The decision to halt the new-build winery is, in my view, pragmatic. It reduces execution and planning risk, preserves balance sheet flexibility and keeps focus on the core brand. Optimising Tenterden for sparkling – where Chapel Down is strongest – and tapping existing third‑party capacity for still wines should support growth without a big capex bill.
There are trade-offs. Using third-party capacity introduces some operational dependency, and investors should watch cost of goods and quality consistency. Management, however, guides that the cost impact will be immaterial and that total medium‑term capacity of 3,300 tonnes is sufficient to meet growth plans.
Stock rose 17% to £25.6m as the company bottled the standout 2023 harvest and continued cultivation. This is normal for a sparkling-led model – inventory is the flywheel for future revenues – but it ties up cash. Operating cash outflow improved to £0.4m from £2.9m, helped by working capital phasing, yet finance costs stepped up to £0.4m.

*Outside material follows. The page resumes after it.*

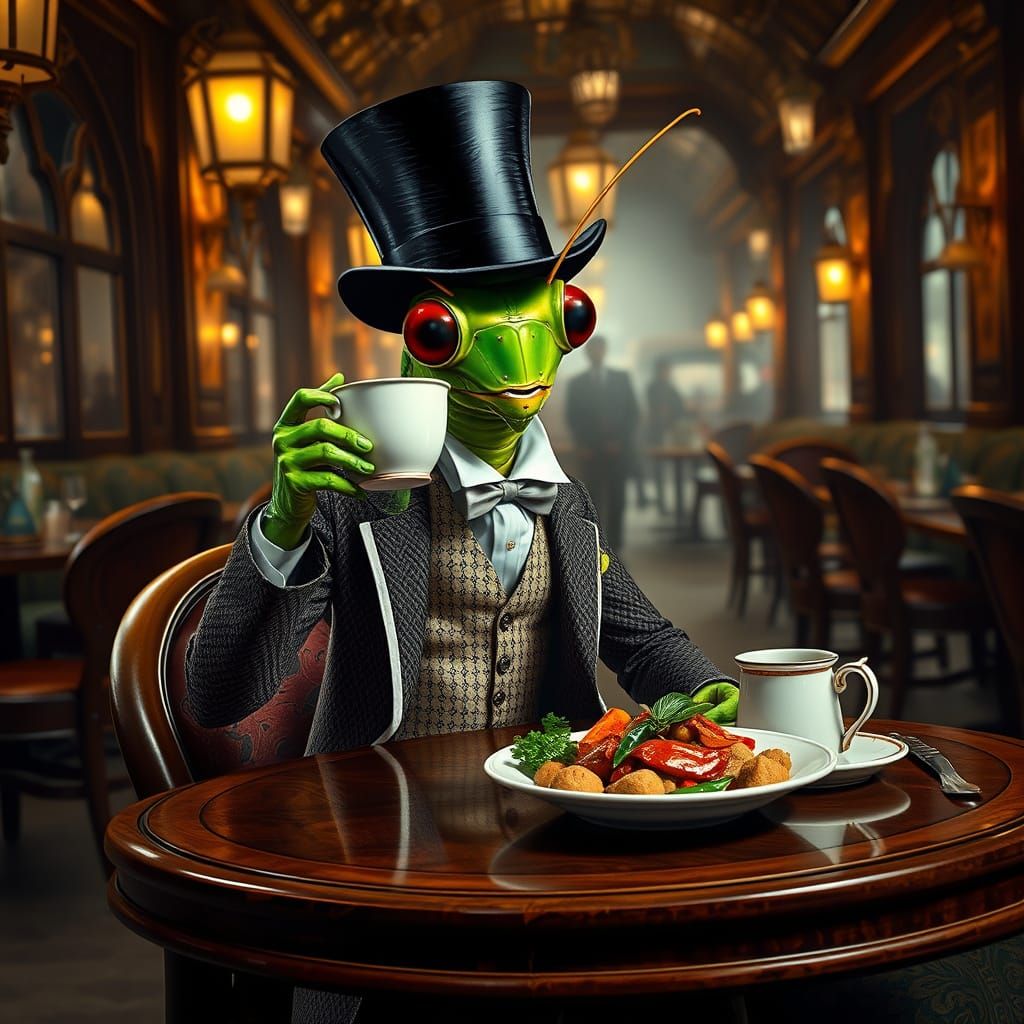 Debonair Cricket in Calcutta Cafe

Net debt (excluding leases) increased to £11.3m. Chapel Down has a £20m Revolving Credit Facility (RCF – a flexible bank line) with an accordion option to £30m, which management says provides sufficient support to build maturing stocks and reinvest in existing assets. Net assets stand at £32.2m, or £0.19 per share, and the Board notes that IFRS book values understate the market value of tangible assets.

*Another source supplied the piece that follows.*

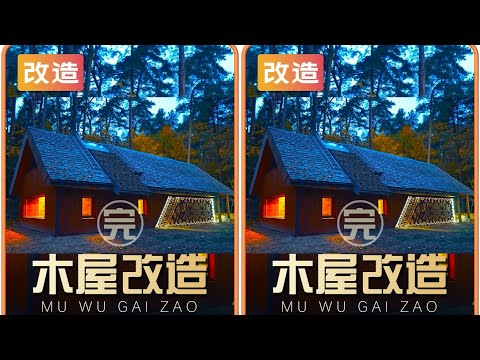 湯姆將廢棄木屋改造成為配備恒溫酒窖和地下堡壘的頂級豪宅(完) #荒野建造 #荒野 #建造 #生存 #木屋 #解压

There is fresh leadership with CEO James Pennefather and CFO Louan Mouton, plus the appointment of Michael Spencer as Non‑Executive Chair and Simon Litherland as Independent NED. The core strategy remains intact, sharpened into three priorities: brand value enhancement, sustainable channel expansion, and disciplined capital management. The long‑term ambition is bold – win an equivalent 1% share of the global Champagne market by 2035.
The summer weather has been kind. The winemaker is forecasting a high‑quality, above‑average vintage, subject to harvest conditions. Trading since July has remained robust, especially in Off‑Trade, and the Board reiterates confidence in delivering strong sales growth and a return to full profitability for FY 2025.
Bottom line: this is a solid half from Chapel Down. The sales engine is working, the brand is gaining ground, and the winery pivot swaps grand projects for cash discipline. If H2 margins tick up as guided and the harvest lands well, the setup for a profitable year looks credible.